After a few more listens and digging through other articles, it seems what Jerome accomplished with his budget constraints was a near miracle. I know a few artists who've had good talent and a little money, but didn't have the gear or the vision to pursue the higher-fi sound. Maybe Jerome will inspire others similarly.

alexdias's picture

Based on a Stereophile suggestion, I purchased a copy of The Turn and it's a wonderful album. It sounds brilliant but the music is really what got me. I'm happy to say the love and care put on that recording and pressing have been thoroughly appreciated.

Ortofan's picture

... the JR149 speakers sound natural, then he should head over to Sound by Singer and take a listen to the Harbeth P3ESR.

dc_bruce's picture

I first heard these speakers at a shop in Charlottesville, VA in 1976 or 77. They imaged like bandits and had a very sweet sound. This is a nice article, and now maybe I should buy the record. Thanks to the author and the subject!

supamark's picture

and I really enjoy these looks into musicians' (often quirky) systems but one thing bothers me about this one - I'm always a little weirded out by people who don't decorate their walls and just leave them bare. Put up a few pictures or something.

stereophilereader's picture


supamark's picture

agree to disagree (different tastes and all that).

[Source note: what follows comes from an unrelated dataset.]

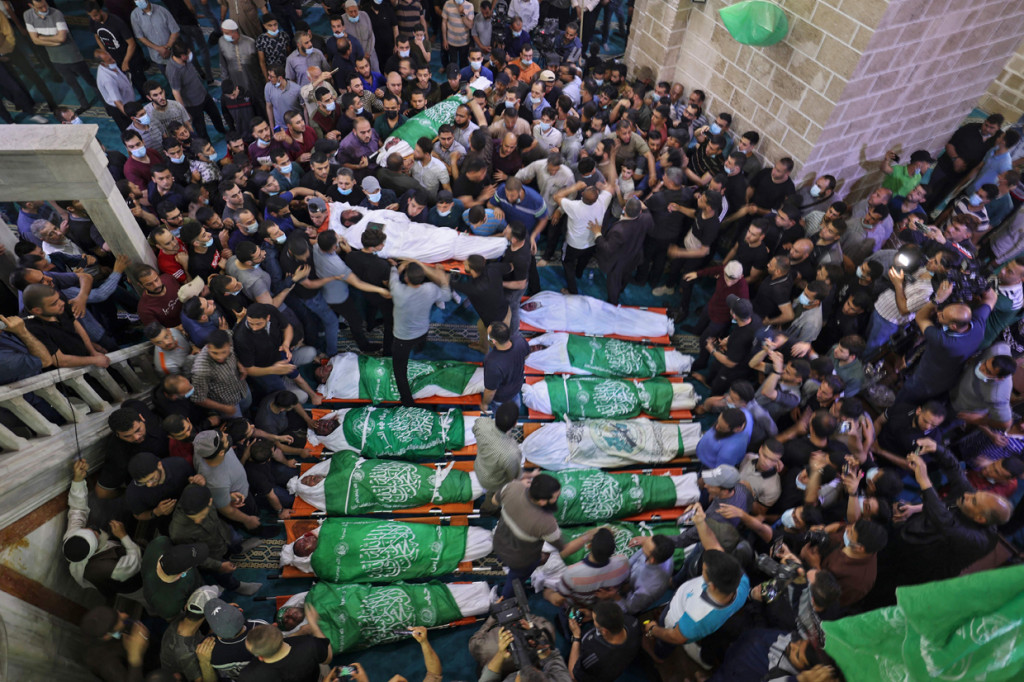 Kementerian Kesehatan Gaza menyampaikan setidaknya hingga kini sudah ada 84 orang tewas akibat serangan Israel tersebut. 17 Korban tewas di antaranya adalah anak-anak. Selain itu, lebih darui 480 lainnya terluka.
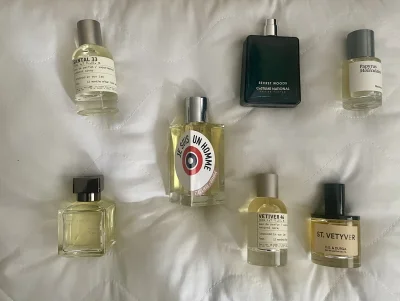 hmmmmmmv2 - Coś ktoś z tej listy? #perfumy

Wszystko prawie pelne oprocz Vetiver 46 i...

On a side note, a little acoustic felt/foam on the overhang on those speakers (and replacing the missing screw on the left woofer) would make 'em sound even better.

ken mac's picture

That's your takeaway? I spent two days in Jerome's apartment. The only thing I noticed beyond the great sound of his rig and his saxophone was Cava, the cat! Big personality. The walls? Not so much...

supamark's picture

1 - the very first thing I said was, "cool little system," because it is. I'm about to fully refurb a 25 to 30 year old system (except modern DAC) myself, so I have an interest in restored systems like his.

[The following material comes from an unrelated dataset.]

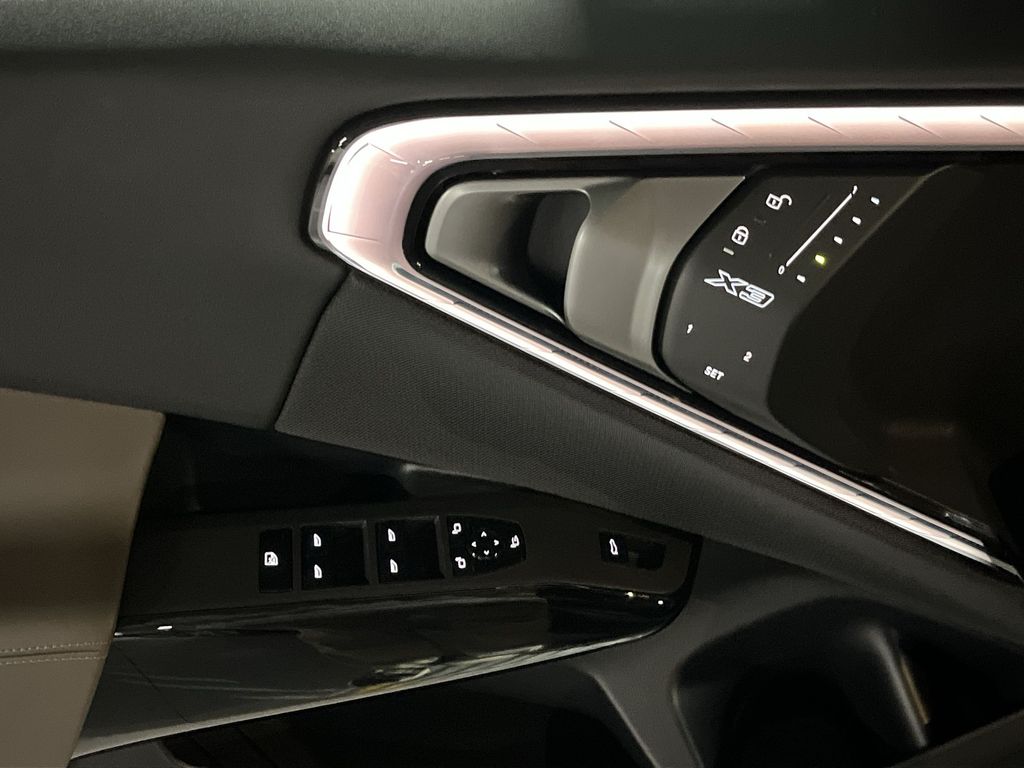 Thumbnail: 2026 BMW X3 - 13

2 - just like some people can't stand the word "moist" I can't stand bare walls. People who don't decorate their walls weird me out a bit even when they're wonderful people.

bonus - I think thing 2 should have been an episode of Seinfeld.

ken mac's picture

We have an upcoming MAA featuring an entire refurbished system including an HH Scott preamplifier. Hope it is of use to you.

Moist, I like. Some don't like the word sumptuous. Fools.

"thing 2"? Agreed!

dalethorn's picture

Now that I have the Sennheiser/Apogee Ambeo binaural recorder, if I ever get to spend even an hour there I'd like to capture a bit of that for the Youtube channel.

Hank Bakker's picture

Mikey was right, this album is always near the front of the stack. Nice to get an insight into Jeromes passion for detail which certainly paid off in the playing, sign me up for the next kickstarter vinyl campaign.

unhold's picture

You should hear the magic of Dobbins "The Beat" TT with the Schroeder LT tonearm!